= The Night Before Larry Was Stretched =

"The Night Before Larry Was Stretched" is an Irish execution ballad written in the Newgate cant.

==History==
The song is in The Festival of Anacreon, with tune direction "To the hundreds of Drury I write." It is also listed in Colm Ó Lochlainn's Irish Street Ballads and Frank Harte's Songs of Dublin.

Donagh MacDonagh gives the following sleeve note 'One of a group of Execution Songs written in Newgate Cant or Slang Style in the 1780s, others being The Kilmainham Minuet, Luke Caffrey's Ghost and Larry's Ghost in which, as promised in the seventh stanza of the present ballad, Larry comes "in a sheet to sweet Molly"!' The Newgate Cant or Slang Style is not unique to Dublin and all the cant and slang is to be found in Partridge's A Dictionary of Slang and Unconventional English (1937). Nubbing cheat or Nubbin chit is cant for the gallows, while Darkmans is cant for night. James Joyce, working out of Thomas Dekker's The Gul's Hornbook and The Belman of London (1608), wrote:

White thy fambles, red thy gan

And thy quarrons dainty is.

Couch a hogshead with me then.

In the Darkmans clip and kiss.

Writing in "Three Centuries of Canting Songs and Slang Rhymes (1536–1896)" (published 1896), John S Farmer asserted that neither the song's date nor its author were definitely known. He gave 1816 as an approximate date, and wrote "According to the best authorities, Will Maher, a shoemaker of Waterford, wrote the song. Dr. Robert Burrowes, Dean of St. Finbar’s Cork, to whom it has been so often attributed, certainly did not." In Ballads from the Pubs of Ireland, p. 29, James N Healy attributes the song to a William Maher (Hurlfoot Bill), but doesn't note when Maher lived. However, the song is attributed to a 'Curren' in The Universal Songster, 1828, this possibly being the witty barrister John Philpot Curran or JW Curren.

==Text==
The Newgate cant in which the song was written was a colloquial slang of 18th-century Dublin, similar to the thieves' cant still used in London (an example of the London use is seen in the 1998 film Lock, Stock and Two Smoking Barrels). This is only one of a group of execution songs written in Newgate Cant or slang style somewhere around 1780, others being The Kilmainham Minuet, Luke Caffrey's Ghost and Larry's Ghost, which, as promised in the seventh verse, "comes in a sheet to sweet Molly".

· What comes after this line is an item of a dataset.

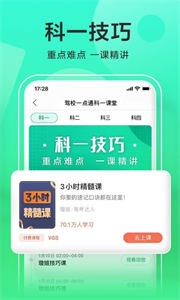 驾校一点通2023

A French translation of the song called La mort de Socrate was written by Francis Sylvester Mahony, better known as "Father Prout" for Fraser's Magazine, and is also collected in Musa Pedestris, Three Centuries of Canting Songs and Slang Rhymes [1536―1896], collected and annotated by John S Farmer.

==Melody==

The tune is not an Irish one, but stems from the first line of an English song, The Bowman Prigg's Farewell. The British Union-Catalogue of Early Music (BUCEM) lists four single sheet copies with music, all tentatively dated c 1740, and there is another copy in the Julian Marshal collection at Harvard. However, the tune To the Hundreds of Drury I write is in the ballad opera The Devil of a Duke, 1732, Air No 4 Bowman Prig is mentioned in song No 22 of the ballad opera The Fashionable Lady, 1730, but this may not be a reference to the song. "Bowman Prigg" is a cant term for a pick-purse.

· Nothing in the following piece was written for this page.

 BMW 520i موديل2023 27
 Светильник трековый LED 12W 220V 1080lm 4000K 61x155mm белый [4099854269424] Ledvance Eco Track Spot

The melody and first verse of To the Hundreds of Drury I Write are in John Barry Talley's Secular Music in Colonial Annapolis, 1988. The Night Before Larry Was Stretched is just possibly a reworking of, or may at least have been inspired by To the Hundreds of Drury.

==Recordings==
- The song provides the narrative basis for the film O'Donoghue's Opera, filmed in 1965 with members of The Dubliners; "The Night Before Larry was Stretched" was performed by Johnny Moynihan.
- The song was recorded by Frank Harte for the album Dublin Street Songs (1967). As in this recording, the last line of each verse is often performed spoken for effect.
- Elvis Costello recorded the song for 1996's Common Ground – Voices of Modern Irish Music.
- Recorded by The Wolfe Tones for Irish to the Core (CD-S-52033).